Dexter Goldberg et Louise Akhili, l’entente parfaite

Une rencontre rare, fraîche, gracieuse entre deux pianistes : Dexter Goldberg (pianiste du versant jazz) et Louise Akhili (pianiste versant classique). Studio de l’Ermitage, 26 juin 2025

Ils s’aiment à la ville, ils ont décidé d’être ensemble aussi sur la scène. Cela donne un duo frais, spontané, inventif et joyeux qui vient de sortir son premier disque intitulé « Faits pour s’entendre ».

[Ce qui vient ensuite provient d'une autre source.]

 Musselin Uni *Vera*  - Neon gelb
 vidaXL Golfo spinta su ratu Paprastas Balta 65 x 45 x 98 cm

Le premier plaisir, quand on découvre ces deux instrumentistes de sphères si différentes, est celui des contrastes. Celui de Louise Akhili (interprète notamment de Ravel et d’Alexis Roland-Manuel dans un très beau disque sorti en 2021) est une merveille. On s’en rend compte dès le début du concert qu’elle entame par la Toccata de la Partita N°6 de Bach, dont elle fait se lever toutes les ombres. Elle applique ses doigts plus qu’elle ne les enfonce, avec beaucoup de décision dans la douceur. Dexter, bien connu des amateurs de jazz pour son travail en trio (voir son disque Caliboudja) est son exact contraire. Il reprend le même morceau avec son toucher si percussif, avec son sens du swing, des glissades capricieuses, des réminiscences (Caravan de Duke Ellington-Juan Tizol est tout près de ses doigts) et aussi quelques moments d’introspection. Ainsi s’organise la plus grande partie du concert: Louise joue un morceau du répertoire (Jeux d’eau de Ravel, la première Arabesque de Debussy) et Dexter en donne sa version jazzée. Mais Dexter ne se contente pas de jazzifier ces classiques du classique, il les réinvente, les décompose, les recompose avec autant d’humour que de conviction. Il y fait son nid. C’est ainsi que, après un magnifique et introspectif Jeux d’eau de Louise Akhili, Dexter Goldberg donne sa version du chef d’œuvre de Ravel avec Le chatouillement de l’eau. Belle et très délicate réussite. De temps en temps les deux musiciens se retrouvent pour des quatre mains. L’hommage à Satie, où vient s’incruster le Misterioso de Thelonious Monk est ravissant. Beaucoup de grâce, beaucoup de charme, mais aussi de la profondeur avec deux musiciens, Louise et Dexter, qui font mieux que s’entendre : ils s’écoutent.